Bereavement is the loss by death of a loved one such as a parent, child, spouse, or close friend. Bereavement can occur at any stage of life, but a common occurrence for older adults and the rate of bereavement accelerates with age. Grief refers to the psychological reaction to the bereavement. Bereavement and grief take various forms:
- Anticipatory grief: When a spouse is experiencing a debilitating illness like Alzheimer’s or is admitted to a personal care home, grief may occur prior to the physical death. At the same time that one is experiencing “caregiver stress” for taking care of a debilitated spouse, one is also grieving the loss of the marital companionship and affection.
- Cumulative bereavement: This refers to the reality that older adults will experience a number of bereavements for siblings and friends, often very close together. As we age, our social network can grow smaller and smaller as friends die, and we need to be able to re-build it, sometimes over and over again. Maintaining and rebuilding social networks is one of the essential tasks required for successful aging.
Various theories of grief stages have been put forward, ranging from three to five stages. Some people experience an initial stage of shock or numbness, followed by a period of depressed mood and yearning for the loved one. Generally, as acceptance of the death increases, this denial, yearning, depression, and anger gradually diminishes. The last stage is always some form of resolution of the grief. The intensity and duration of grief may depend on many factors, such as the personality of the individual, the relationship to the deceased, and the circumstances of the death. Unexpected, sudden, or accidental death can be extremely shocking. Death of one’s child at any age is difficult to accept.
Normal grief may last for months or even several years. Death of a close life partner may lead to sensing the presence of the dead spouse, such as briefly hearing his or her voice; this is common and can last for over a year. Many people find hearing the voice of a spouse or dreaming of the spouse re-assuring if they are aware that it is normal. Increasingly grief experts suggest that a sense of a “continuing bond” and relationship with the deceased is quite normal and healthy. The resolution of grief does not mean forgetting the deceased person, or lessening affection for them.

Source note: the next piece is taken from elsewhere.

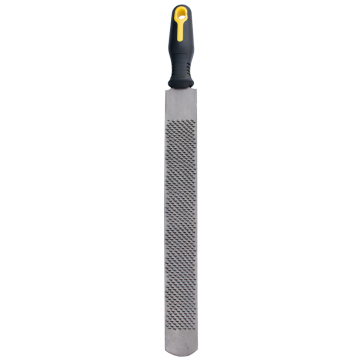 Kerbl Râpe à sabot droite avec manche 35 Acier Gris
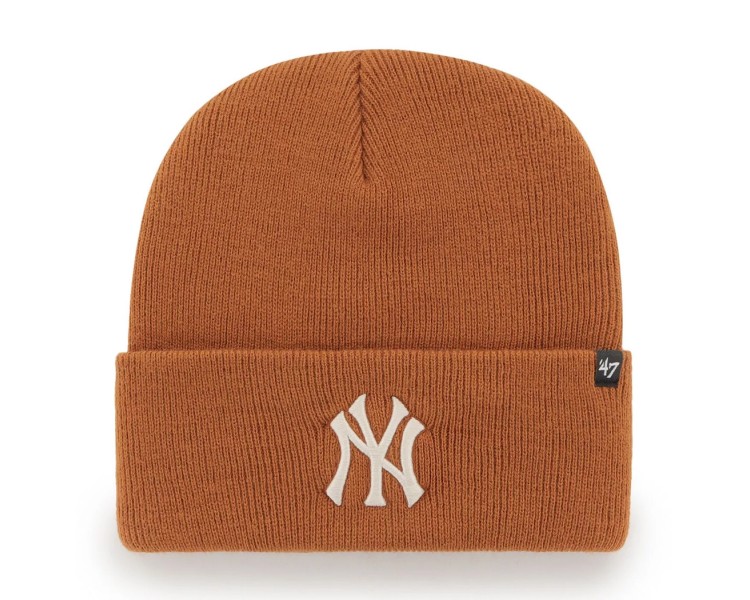 Czapka zimowa 47 Brand New York Yankees B-HYMKR17ACE-BOG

However, many people (about 50%) do not experience an intense emotional shock and numbness, and are able to quickly accept the loss of a loved one and resume activities. Typically, these people do not experience either a stage of shock or a stage of depression.
Grief can be considered a problem if it is either too intense or too long. The normal grief response can be very intense, and may include waves of sadness, sleeplessness, fatigue, poor concentration, and loss of appetite. About 30% of people may experience this level of intensity following the death of a spouse or child. After a very close and lengthy relationship, experiencing being alone can be a shock and feel alarming and threatening.
An intense grief experience may thus closely resemble the symptoms of a depression. Indeed, grief can be more intense than a depression. The Diagnostic and Statistical Manual of Mental Disorders, Fifth Edition, suggests that grief can be differentiated from depression in that grief comes in waves of emotion, whereas depressive mood is more constantly negative. In grief, the individual usually maintains a positive self-esteem, whereas in depression there are often “corrosive feelings of worthlessness and self-loathing.” The focus of the grief experience is specific to the loss of a loved one, whereas depression includes a much broader negative view of the self and the world.
People can sometimes “get stuck” in grief, which is what is meant by terms such as “complicated grief.” Grief may be complicated by the circumstances of the death, such as being unexpected, accidental, by suicide, or after a difficult and painful illness. Life factors may contribute to the development of a complicated grief, such as a lack of support from family and friends. The personality style of the grieving person can also lead to complicated grief. For example, if the individual has been overly dependent on the now-deceased spouse or parent, the grief process may be more difficult or prolonged. In a prolonged complicated grief, the individual stops making progress in recovering from the death and remains overly focused on past memories for many months and years.
Grief is a normal response. Grief is not an illness and usually does not require medication or psychological treatment. However, an individual can consult with a physician or registered psychologist to determine if treatment might be of help to deal with prolonged complicated grief.